- What you should do
In the data below, find the line that contains "MİKADO MD-336 2.0" and the line that contains "Razorfield Thresher —". Copy both, plus every line between them, exactly.

....

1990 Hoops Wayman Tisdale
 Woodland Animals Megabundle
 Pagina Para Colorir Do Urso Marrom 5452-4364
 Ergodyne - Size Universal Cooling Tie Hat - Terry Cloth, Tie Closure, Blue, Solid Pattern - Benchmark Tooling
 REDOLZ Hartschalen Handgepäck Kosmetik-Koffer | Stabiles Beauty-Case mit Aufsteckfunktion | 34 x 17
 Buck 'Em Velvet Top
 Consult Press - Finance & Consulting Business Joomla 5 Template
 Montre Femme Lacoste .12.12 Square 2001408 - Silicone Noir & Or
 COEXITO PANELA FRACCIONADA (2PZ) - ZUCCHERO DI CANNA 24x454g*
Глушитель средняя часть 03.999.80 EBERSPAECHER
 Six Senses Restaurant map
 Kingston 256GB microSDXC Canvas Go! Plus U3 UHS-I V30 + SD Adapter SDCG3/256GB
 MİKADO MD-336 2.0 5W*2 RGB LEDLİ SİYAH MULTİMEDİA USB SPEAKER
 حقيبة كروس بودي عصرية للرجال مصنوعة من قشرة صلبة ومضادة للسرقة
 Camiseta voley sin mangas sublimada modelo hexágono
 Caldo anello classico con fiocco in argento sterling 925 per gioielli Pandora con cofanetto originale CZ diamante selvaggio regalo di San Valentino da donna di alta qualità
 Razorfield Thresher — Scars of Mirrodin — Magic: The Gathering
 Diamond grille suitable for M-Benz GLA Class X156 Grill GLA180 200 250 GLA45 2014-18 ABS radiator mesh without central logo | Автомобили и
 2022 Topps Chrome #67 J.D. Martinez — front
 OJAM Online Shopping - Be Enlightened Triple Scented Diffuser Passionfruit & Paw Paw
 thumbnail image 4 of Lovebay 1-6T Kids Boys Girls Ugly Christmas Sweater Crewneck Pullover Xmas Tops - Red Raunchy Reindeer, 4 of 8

....

- Reply to the task
 MİKADO MD-336 2.0 5W*2 RGB LEDLİ SİYAH MULTİMEDİA USB SPEAKER
 حقيبة كروس بودي عصرية للرجال مصنوعة من قشرة صلبة ومضادة للسرقة
 Camiseta voley sin mangas sublimada modelo hexágono
 Caldo anello classico con fiocco in argento sterling 925 per gioielli Pandora con cofanetto originale CZ diamante selvaggio regalo di San Valentino da donna di alta qualità
 Razorfield Thresher — Scars of Mirrodin — Magic: The Gathering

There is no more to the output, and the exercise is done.